= Regulatory impact analysis =

Document created before a new government regulation is introduced

A regulatory impact analysis or regulatory impact assessment (RIA) is a document created before a new government regulation is introduced. RIAs are produced in many countries, although their scope, content, role and influence on policy making vary.

== Role ==

The role of an RIA is to provide a detailed and systematic appraisal of the potential impacts of a new regulation in order to assess whether the regulation is likely to achieve the desired objectives. The need for RIA arises from the fact that regulation commonly has numerous impacts and that these are often difficult to foresee without detailed study and consultation with affected parties. Economic approaches to the issue of regulation also emphasize the high risk that regulatory costs may exceed benefits. From this perspective, the central purpose of RIA is to ensure that regulation will be welfare-enhancing from the societal viewpoint - that is, that benefits will exceed costs. RIA is generally conducted in a comparative context, with different means of achieving the objective sought being analysed and the results compared.

== History and development ==

The first RIAs are generally considered to be the "inflation impact assessments" required by the Carter Administration in the United States from 1978. The RIA requirement was broadened during the Reagan administration, with benefit–cost analysis becoming the required methodological approach. Another early adopter of a RIA requirement was Australia (1985). By the mid-1990s approximately 12 OECD countries had implemented RIA requirements of some form, although the scope of the required analysis varied considerably. By 2000, 20 of 28 OECD countries had implemented RIA requirements. Currently, virtually all OECD countries use RIA. RIA requirements had also begun to be strongly promoted to its client countries by the World Bank. As a result, an increasing number of developing countries have now adopted RIA requirements.

RIA requirements have broadened in scope over time in many countries in which they have been adopted.
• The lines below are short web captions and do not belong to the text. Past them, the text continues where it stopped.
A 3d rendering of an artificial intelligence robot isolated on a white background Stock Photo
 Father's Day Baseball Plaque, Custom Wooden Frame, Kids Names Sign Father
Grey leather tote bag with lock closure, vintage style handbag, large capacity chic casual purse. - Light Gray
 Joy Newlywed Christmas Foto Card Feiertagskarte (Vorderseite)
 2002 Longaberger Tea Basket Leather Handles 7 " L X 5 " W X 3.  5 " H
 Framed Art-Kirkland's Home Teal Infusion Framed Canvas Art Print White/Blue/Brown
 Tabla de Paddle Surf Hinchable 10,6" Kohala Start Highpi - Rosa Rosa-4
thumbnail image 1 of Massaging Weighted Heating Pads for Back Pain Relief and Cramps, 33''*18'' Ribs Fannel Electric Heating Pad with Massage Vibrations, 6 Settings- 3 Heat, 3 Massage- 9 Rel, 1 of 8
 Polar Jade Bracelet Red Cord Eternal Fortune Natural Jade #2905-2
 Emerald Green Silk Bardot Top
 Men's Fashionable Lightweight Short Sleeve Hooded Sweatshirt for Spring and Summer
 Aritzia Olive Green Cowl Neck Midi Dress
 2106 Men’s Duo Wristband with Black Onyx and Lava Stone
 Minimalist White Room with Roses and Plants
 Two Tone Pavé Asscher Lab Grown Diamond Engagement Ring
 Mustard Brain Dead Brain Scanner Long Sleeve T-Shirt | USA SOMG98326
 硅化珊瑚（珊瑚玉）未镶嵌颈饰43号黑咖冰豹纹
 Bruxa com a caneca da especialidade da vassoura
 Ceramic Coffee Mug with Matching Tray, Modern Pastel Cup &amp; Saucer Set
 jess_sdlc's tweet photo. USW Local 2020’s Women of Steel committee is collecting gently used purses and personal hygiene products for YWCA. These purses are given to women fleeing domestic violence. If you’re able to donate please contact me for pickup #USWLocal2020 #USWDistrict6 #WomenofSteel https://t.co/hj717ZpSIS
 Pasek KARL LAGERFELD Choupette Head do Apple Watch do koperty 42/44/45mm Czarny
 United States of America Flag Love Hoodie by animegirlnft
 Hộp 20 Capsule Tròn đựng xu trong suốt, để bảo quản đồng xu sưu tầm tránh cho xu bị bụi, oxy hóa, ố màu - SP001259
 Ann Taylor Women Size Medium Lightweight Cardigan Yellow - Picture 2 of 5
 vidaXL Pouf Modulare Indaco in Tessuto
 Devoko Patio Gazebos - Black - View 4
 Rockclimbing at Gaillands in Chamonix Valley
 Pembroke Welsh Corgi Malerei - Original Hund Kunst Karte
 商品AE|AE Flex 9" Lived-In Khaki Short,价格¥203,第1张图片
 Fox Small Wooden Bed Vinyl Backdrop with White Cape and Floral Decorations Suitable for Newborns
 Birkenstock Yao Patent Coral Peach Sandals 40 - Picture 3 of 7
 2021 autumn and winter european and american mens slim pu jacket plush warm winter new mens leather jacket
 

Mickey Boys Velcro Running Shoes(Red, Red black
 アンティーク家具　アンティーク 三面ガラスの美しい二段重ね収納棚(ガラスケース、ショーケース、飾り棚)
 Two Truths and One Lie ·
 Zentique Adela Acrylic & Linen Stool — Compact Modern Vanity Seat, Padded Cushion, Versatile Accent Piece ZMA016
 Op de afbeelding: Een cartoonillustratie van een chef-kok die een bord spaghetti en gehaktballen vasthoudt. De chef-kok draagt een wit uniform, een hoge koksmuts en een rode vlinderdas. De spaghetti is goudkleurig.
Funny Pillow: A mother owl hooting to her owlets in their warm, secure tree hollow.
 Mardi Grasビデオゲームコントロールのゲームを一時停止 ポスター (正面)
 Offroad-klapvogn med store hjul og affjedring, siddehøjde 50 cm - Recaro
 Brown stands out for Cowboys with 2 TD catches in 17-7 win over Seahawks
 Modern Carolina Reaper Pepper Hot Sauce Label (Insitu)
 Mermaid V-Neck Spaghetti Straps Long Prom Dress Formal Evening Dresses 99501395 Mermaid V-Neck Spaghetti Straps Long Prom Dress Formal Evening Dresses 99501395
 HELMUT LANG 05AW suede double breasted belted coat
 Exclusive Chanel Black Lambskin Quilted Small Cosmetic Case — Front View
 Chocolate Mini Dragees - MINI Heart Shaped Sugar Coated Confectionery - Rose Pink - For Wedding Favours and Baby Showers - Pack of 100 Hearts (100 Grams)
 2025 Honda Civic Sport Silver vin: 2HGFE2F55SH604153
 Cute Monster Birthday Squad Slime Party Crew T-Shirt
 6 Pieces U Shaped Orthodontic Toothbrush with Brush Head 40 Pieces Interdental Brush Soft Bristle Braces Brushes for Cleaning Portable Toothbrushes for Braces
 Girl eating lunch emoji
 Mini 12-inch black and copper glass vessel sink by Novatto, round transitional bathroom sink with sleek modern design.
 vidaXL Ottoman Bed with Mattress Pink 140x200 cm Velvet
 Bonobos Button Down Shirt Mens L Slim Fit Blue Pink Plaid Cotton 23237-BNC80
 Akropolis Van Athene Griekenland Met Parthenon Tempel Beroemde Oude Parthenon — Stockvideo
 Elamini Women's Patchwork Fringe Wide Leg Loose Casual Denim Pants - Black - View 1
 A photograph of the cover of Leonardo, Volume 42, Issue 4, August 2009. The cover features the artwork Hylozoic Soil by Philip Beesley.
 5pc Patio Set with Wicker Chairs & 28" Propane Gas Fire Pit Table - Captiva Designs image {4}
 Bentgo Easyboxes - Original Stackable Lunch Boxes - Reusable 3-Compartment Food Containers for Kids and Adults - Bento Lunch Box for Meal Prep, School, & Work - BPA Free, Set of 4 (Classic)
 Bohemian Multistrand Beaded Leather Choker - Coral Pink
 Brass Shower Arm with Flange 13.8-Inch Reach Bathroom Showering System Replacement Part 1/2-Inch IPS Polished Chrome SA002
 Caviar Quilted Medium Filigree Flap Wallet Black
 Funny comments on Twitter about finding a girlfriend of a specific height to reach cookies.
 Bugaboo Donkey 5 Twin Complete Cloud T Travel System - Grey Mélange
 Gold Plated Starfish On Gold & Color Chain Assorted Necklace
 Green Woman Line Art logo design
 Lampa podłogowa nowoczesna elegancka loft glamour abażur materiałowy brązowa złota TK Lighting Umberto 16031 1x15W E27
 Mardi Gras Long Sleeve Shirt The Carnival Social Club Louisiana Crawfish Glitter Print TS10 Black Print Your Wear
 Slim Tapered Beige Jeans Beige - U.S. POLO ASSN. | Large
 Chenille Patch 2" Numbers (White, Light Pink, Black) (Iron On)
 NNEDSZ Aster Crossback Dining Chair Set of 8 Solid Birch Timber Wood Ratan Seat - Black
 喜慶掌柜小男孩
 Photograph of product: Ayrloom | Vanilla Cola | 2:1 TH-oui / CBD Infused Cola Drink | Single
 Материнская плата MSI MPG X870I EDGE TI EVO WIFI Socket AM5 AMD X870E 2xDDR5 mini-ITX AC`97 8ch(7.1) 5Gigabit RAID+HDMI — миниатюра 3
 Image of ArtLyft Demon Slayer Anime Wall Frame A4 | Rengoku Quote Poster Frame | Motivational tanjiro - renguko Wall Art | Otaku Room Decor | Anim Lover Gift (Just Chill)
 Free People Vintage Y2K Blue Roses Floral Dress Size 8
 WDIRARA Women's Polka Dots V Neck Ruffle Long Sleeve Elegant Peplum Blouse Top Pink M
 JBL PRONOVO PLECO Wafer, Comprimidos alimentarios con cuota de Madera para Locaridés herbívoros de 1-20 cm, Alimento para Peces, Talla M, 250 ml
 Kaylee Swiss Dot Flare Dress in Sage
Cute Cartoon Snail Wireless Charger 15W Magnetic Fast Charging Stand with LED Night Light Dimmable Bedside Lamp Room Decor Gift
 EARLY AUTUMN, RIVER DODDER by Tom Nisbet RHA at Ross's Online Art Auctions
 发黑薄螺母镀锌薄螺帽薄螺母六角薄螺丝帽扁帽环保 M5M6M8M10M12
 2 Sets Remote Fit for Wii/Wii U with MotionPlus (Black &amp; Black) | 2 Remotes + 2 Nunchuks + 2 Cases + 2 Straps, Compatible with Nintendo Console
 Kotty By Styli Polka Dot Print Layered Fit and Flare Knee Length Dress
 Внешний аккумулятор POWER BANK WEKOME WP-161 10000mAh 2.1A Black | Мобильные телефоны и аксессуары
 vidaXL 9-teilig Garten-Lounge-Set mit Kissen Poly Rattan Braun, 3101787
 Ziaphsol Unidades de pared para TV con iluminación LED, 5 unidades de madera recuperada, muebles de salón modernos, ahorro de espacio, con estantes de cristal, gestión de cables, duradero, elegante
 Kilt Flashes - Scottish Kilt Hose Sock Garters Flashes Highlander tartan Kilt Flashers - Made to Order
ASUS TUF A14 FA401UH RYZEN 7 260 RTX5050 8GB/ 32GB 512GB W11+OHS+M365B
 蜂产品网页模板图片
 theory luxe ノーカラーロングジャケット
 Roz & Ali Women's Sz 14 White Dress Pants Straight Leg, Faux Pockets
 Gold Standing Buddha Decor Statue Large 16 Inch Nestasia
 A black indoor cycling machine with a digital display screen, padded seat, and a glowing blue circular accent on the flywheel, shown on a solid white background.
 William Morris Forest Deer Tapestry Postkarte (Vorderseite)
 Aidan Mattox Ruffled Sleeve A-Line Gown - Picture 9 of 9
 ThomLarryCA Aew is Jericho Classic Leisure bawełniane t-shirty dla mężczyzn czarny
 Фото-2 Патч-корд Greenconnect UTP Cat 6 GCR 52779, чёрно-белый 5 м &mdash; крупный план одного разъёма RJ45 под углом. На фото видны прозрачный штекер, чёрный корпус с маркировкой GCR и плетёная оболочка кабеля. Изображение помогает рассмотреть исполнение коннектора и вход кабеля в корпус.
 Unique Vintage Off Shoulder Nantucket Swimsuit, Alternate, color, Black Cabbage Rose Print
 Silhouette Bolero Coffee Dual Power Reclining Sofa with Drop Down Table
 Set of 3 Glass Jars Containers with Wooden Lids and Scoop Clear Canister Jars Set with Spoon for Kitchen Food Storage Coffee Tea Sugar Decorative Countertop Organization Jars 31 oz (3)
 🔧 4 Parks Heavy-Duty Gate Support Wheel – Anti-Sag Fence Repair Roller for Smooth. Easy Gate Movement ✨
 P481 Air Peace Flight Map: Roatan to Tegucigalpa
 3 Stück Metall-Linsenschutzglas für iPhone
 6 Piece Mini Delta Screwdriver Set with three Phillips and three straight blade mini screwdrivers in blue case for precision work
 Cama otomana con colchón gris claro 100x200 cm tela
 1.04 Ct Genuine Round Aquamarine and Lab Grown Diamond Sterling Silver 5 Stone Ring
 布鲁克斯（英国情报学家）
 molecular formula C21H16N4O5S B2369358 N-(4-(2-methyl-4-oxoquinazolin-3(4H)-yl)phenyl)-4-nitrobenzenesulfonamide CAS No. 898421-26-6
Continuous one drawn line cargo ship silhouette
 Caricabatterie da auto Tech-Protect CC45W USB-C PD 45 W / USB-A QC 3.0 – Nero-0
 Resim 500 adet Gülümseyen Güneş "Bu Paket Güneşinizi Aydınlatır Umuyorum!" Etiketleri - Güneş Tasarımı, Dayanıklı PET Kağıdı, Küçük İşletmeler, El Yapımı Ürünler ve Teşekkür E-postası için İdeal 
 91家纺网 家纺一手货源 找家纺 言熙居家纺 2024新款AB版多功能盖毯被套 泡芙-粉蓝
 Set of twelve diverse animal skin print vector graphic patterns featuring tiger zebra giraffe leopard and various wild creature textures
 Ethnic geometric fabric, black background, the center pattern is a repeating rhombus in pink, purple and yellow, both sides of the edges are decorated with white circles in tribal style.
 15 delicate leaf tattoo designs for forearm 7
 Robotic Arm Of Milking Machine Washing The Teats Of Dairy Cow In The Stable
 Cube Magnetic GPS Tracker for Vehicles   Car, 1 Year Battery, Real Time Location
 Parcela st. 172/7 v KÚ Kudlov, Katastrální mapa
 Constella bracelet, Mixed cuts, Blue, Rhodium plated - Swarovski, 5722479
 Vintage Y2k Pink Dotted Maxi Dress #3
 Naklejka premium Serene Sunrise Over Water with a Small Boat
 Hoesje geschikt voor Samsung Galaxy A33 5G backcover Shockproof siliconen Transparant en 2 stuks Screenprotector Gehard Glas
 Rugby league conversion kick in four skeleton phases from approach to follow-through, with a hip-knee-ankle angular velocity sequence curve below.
Conversely, few if any countries have abandoned the use of RIA after having adopted it.

== Australia ==
In Australia, all decisions of Government, and all national/sub-national decision making forums, are subject to the RIA process and proposals which have 'more than minor' regulatory impacts require the completion of a Regulation Impact Statement (RIS). The RIA framework is administered by the Office of Impact Analysis within the Department of the Prime Minister and Cabinet. Australia was one of the first adopters of RIA, with impact analysis requirements established for Cabinet decisions as early as 1985. The RIS process works to ensure that a high-quality evidence-base supports major decisions of the Government.

In Australia, the RIS process involves extensive analysis of the underlying policy problem, the presentation and impact analysis of at least three viable solutions, and comprehensive stakeholder consultation. Policy proposals must also quantify the regulatory burden on individuals, businesses, and community organisations under the viable options. Following announcement of a decision, the impact analysis used to support Government decision-making is published online, as is OIA's assessment of the quality of that analysis and the processes undertaken, for transparency purposes.

== Canada ==

In Canada, almost all new federal regulations are required to have a regulatory impact analysis statement (RIAS). A RIAS is made up of six parts: description, alternatives, benefits and costs, consultation, compliance and enforcement, and contact.

== EU ==

The European Commission introduced an impact assessment system in 2002, integrating and replacing previous single-sector type of assessments. In the European Commission perspective, Impact Assessment (IA) is a process aimed at structuring and supporting the development of policies. It identifies and assesses the problem at stake and the objectives pursued. It identifies the main options for achieving the objective and analyses their likely impacts in the economic, environmental and social fields. It outlines advantages and disadvantages of each option and examines possible synergies and trade-offs. In 2005 and 2006 the Commission updated its approach to include economic, social and environmental dimensions, thus moving In the direction of Sustainability Impact Assessment. There has also been a 2009 update.

== UK ==

In the United Kingdom, RIAs have for many years been a key tool in helping improve the quality of regulation and reduce unnecessary burdens on business. RIAs have been produced by Central Government departments for many years using guidance produced by the Better Regulation Executive (BRE) in the Cabinet Office. In May 2007 a new system of Impact Assessments (IAs) was introduced and made fully operational in November 2007. BRE, now part of DBERR is responsible for the IA process.

The aim of IAs is to help improve policy making by placing a greater emphasis on quantifying benefits and costs in the IA. The removal of the word 'Regulatory' was also a recognition that many Government burdens on business, the third sector and public bodies were not always implemented as legislation or regulations e.g. codes of practice, reporting requirements or funding guidance, and that the impacts of these measures also needed to be assessed.